Pour mémoire, les faits juridiques sont définis à l’article 1100-2 du Code civil comme « des agissements ou des événements auxquels la loi attache des effets de droit ».

Cette définition se rapproche très étroitement de celle qui avait été proposée par Gérard Cornu dans l’avant-projet de réforme du droit des obligations et de la prescription.

Cet auteur avait en effet indiqué que « si, en eux-mêmes, les faits juridiques sont dans une grande diversité, comme agissements (individuels ou collectifs) ou comme événements (faits divers particuliers, économiques, politiques, naturels, etc) c’est toujours la loi qui leur attache l’effet de droit qu’elle détermine (lequel ne correspond évidemment pas s’il s’agit de faits volontaires, au propos délibéré de leur auteur) ».

Ainsi, ce qui caractérise les faits juridiques c’est que, d’une part, ils consistent en des agissements ou des événements et que, d’autre part, les conséquences juridiques qu’ils produisent ne sont pas voulues.

L’un des principaux enjeux de la qualification de fait juridique réside dans la preuve.

Car, en effet, à la différence des actes juridiques dont la preuve requiert nécessairement la production d’un écrit, la preuve des faits juridiques se fait, quant à elle, par tout moyen.

I) Principe : la preuve par tout moyen

Bien qu’aucun texte ne l’énonce expressément, la preuve des faits juridique se fait par tout moyen.

Cette règle s’évince des articles 1358 et 1359 du Code civil. Tandis que la première disposition prévoit que « hors les cas où la loi en dispose autrement, la preuve peut être apportée par tout moyen », la seconde énonce que « l’acte juridique portant sur une somme ou une valeur excédant un montant fixé par décret doit être prouvé par écrit sous signature privée ou authentique. »

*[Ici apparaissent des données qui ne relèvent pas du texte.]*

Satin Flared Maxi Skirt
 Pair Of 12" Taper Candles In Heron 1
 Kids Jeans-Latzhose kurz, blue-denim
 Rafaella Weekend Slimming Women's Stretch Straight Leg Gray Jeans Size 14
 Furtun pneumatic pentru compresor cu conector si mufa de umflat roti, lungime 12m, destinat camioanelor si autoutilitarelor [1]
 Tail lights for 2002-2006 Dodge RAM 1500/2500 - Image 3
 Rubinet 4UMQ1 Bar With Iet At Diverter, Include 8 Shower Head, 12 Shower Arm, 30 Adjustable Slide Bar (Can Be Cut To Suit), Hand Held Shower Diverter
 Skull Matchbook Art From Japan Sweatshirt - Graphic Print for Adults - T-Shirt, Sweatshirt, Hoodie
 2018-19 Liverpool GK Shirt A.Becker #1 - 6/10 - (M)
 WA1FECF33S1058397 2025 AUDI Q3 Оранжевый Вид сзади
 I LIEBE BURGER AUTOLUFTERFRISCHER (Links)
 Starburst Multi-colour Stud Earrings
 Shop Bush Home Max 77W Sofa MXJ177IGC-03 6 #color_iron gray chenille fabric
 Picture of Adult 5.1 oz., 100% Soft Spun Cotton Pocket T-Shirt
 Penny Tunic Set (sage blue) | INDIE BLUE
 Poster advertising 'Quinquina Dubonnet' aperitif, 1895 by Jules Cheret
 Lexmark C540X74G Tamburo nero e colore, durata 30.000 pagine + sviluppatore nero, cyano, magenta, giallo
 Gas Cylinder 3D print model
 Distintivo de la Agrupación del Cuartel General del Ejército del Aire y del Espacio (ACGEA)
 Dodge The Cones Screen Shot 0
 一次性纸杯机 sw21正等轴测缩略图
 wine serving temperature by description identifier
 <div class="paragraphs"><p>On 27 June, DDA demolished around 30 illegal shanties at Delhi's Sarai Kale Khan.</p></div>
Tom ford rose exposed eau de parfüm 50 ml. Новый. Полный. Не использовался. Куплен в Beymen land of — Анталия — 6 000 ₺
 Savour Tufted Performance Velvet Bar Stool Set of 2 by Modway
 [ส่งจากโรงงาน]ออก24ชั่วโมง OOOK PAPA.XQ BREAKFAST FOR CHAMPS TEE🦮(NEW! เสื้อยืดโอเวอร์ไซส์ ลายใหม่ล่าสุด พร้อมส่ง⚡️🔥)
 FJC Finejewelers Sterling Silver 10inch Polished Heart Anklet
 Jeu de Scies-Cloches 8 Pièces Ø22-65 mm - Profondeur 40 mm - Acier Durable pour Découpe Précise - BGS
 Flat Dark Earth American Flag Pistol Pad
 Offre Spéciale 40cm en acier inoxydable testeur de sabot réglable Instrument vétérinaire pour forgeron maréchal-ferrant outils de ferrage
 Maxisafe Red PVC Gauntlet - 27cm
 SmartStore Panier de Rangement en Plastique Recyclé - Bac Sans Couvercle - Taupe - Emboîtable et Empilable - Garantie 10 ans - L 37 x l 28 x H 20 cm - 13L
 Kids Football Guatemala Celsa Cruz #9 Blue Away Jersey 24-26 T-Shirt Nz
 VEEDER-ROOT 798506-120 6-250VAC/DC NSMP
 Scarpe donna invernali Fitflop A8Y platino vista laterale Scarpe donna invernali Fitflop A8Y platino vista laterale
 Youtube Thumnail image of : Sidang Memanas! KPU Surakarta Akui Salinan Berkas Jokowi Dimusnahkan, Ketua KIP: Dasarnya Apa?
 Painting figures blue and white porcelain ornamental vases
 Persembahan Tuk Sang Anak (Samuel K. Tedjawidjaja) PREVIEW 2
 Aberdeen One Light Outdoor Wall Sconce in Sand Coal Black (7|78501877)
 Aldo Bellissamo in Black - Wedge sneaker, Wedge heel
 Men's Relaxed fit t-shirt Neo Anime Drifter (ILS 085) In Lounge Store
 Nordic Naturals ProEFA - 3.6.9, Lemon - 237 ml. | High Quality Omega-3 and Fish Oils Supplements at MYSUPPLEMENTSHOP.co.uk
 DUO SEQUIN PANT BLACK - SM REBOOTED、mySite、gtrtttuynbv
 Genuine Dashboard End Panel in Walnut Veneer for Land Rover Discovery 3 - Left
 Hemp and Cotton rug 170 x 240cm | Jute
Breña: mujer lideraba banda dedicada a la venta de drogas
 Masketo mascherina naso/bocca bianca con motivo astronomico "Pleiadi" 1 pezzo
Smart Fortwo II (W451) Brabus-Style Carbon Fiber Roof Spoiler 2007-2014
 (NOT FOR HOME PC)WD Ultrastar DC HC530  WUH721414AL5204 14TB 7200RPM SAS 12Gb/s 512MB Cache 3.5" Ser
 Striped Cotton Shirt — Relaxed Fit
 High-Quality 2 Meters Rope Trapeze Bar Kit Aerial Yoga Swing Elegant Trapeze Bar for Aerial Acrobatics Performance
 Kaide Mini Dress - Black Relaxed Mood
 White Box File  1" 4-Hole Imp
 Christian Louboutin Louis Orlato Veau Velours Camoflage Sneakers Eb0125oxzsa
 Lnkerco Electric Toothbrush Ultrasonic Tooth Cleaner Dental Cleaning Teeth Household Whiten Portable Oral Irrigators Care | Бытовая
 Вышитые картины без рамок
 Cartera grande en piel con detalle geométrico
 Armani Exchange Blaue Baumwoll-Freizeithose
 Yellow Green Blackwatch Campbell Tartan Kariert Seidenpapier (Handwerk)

Il se déduit de la combinaison de ces deux dispositions que tout ce qui ne relève pas de la catégorie des actes juridiques dont le montant excède 1500 euros est soumis au principe de la liberté de la preuve.

Ainsi les faits juridiques peuvent être prouvés par tout moyen, ce qui signifie que sont admissibles en justice tous les modes de preuve.

Autrement dit, les plaideurs sont libres de choisir les moyens de preuve qu’elles entendent présenter au juge, pourvu qu’ils aient été obtenus licitement et loyalement.

La contrepartie à cette liberté probatoire dont jouissent les parties réside dans les pouvoirs conférés au juge qui est libre d’apprécier les moyens de preuves produits au débat judiciaire.

Plus précisément, il est libre d’apprécier ces moyens de preuve selon son intime conviction et de leur octroyer la force probante qui lui paraît opportune.

Il n’est donc pas contraint de s’en tenir à une hiérarchie des modes de preuve qui serait fixée par la loi comme c’est le cas pour la preuve des actes juridiques.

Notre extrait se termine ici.